→ Task to complete: Exclude all pictures, and reproduce exactly the lines from the one containing "213 Cabana Drive" through the end of the records, with nothing else added.

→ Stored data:
····················

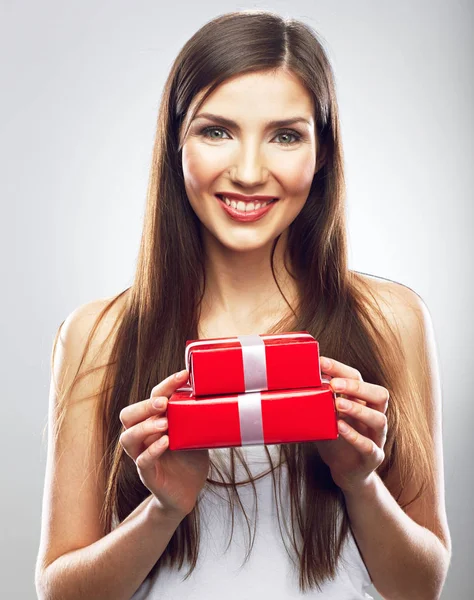 Donna Felice Che Tiene Scatole Regalo Rosse Concetto Natale — Foto Stock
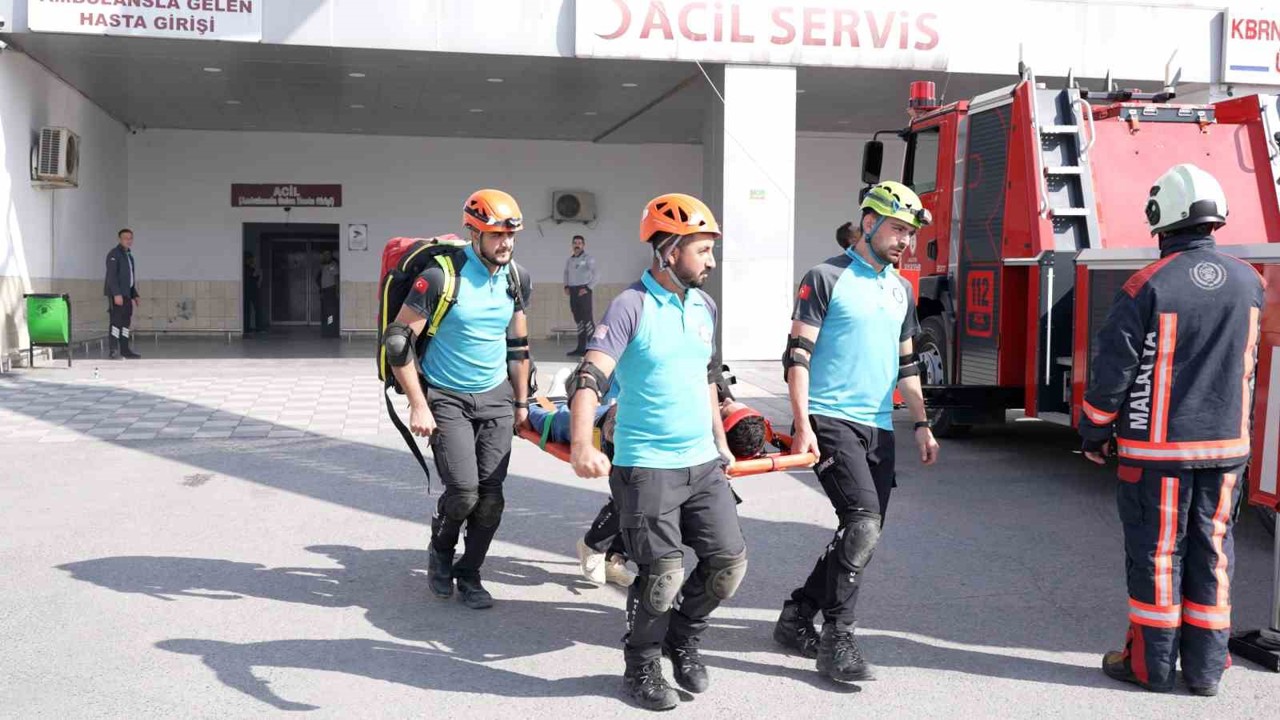 Malatya Eğitim ve Araştırma Hastanesi’nde yangın tatbikatı
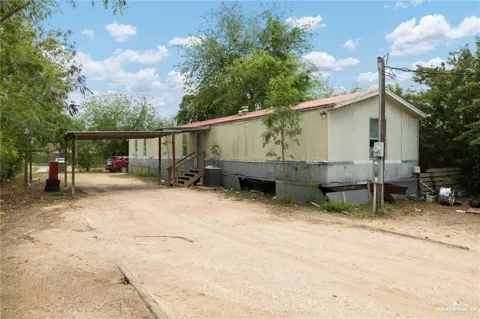 213 Cabana Drive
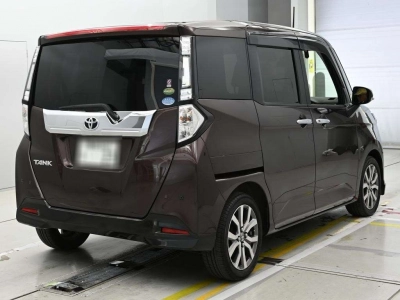 TOYOTA TANK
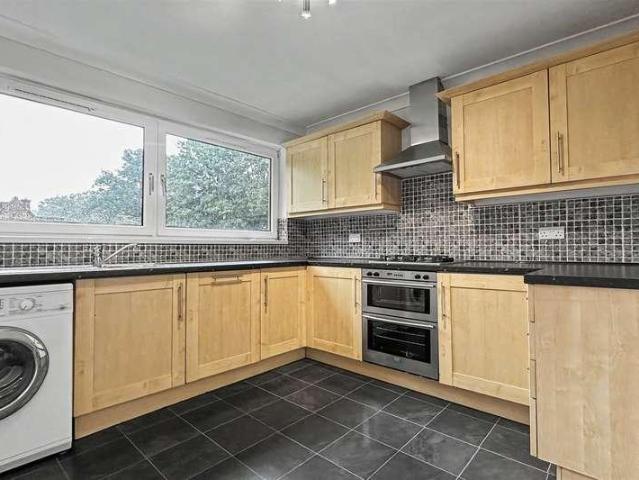 Flat for sale in Helford, Hampshire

····················

→ Result for this task:
 213 Cabana Drive
 TOYOTA TANK
 Flat for sale in Helford, Hampshire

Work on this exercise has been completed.